• _YOUR OBJECTIVE_
Output the lines from the one containing "ساعت ایستاده طرح جدید" through the last line of the material below, exactly; please do not include pictures.

• _SUPPLIED DATA_
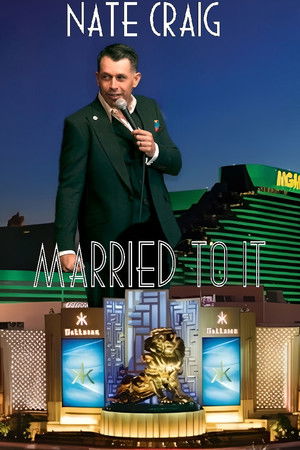 Nate Craig: Married To It Nate Craig: Married To It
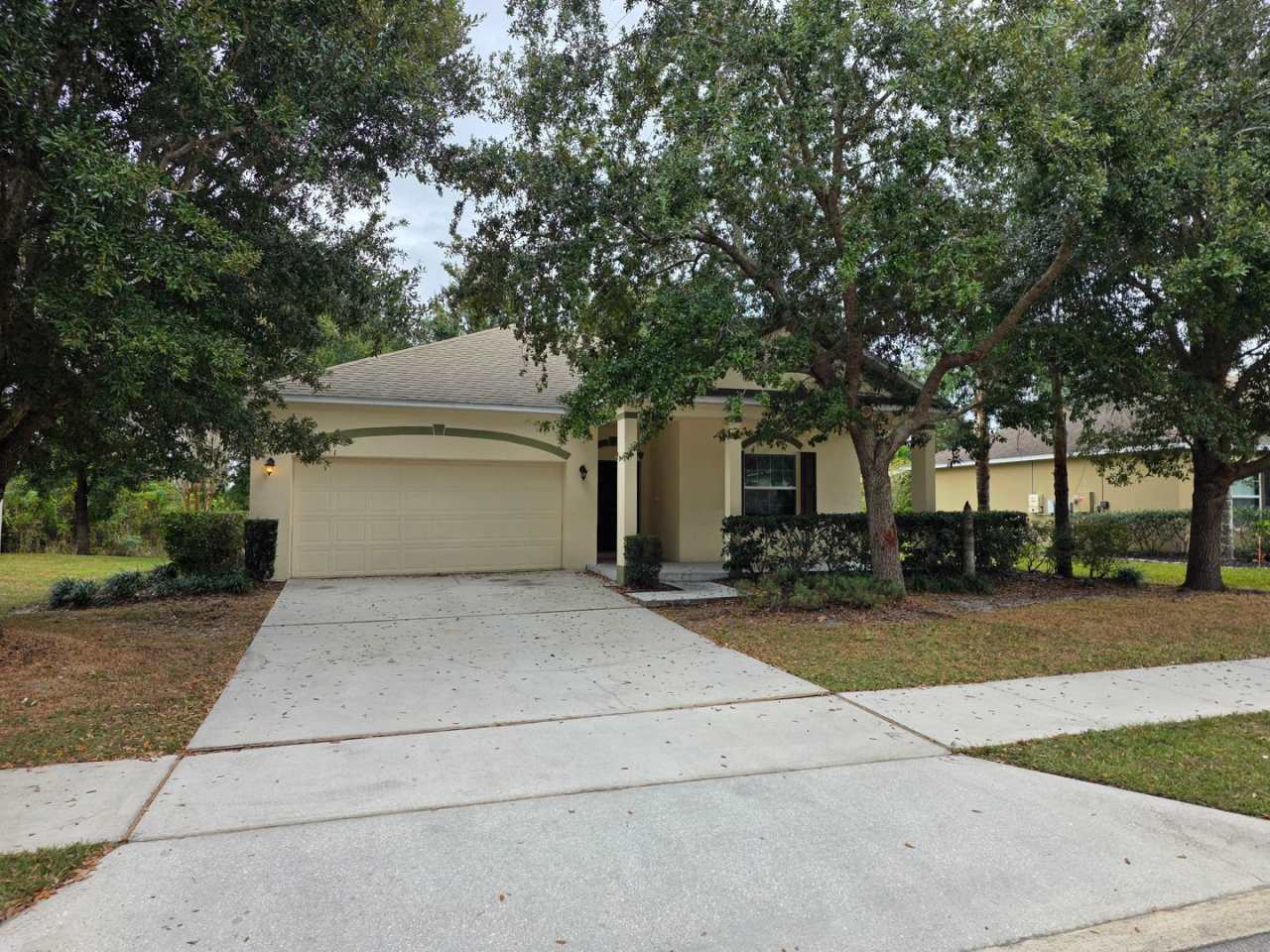 3/2 Home at Lake Pleasant Cove in Apopka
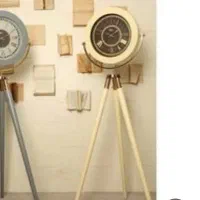 ساعت ایستاده طرح جدید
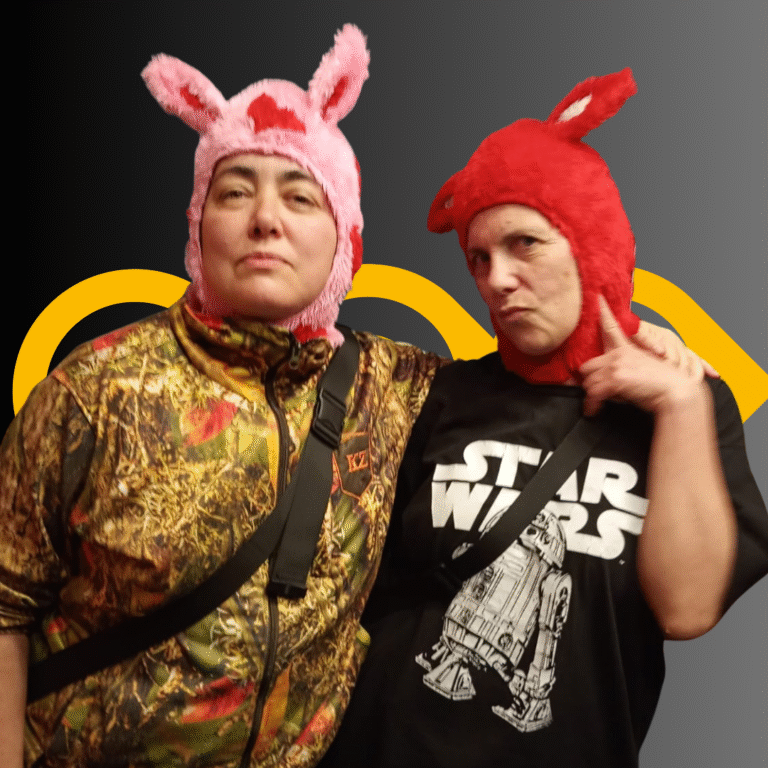 Pequeño Bambi: punk-queer con ternura feroz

• _TASK ANSWER_
 ساعت ایستاده طرح جدید
 Pequeño Bambi: punk-queer con ternura feroz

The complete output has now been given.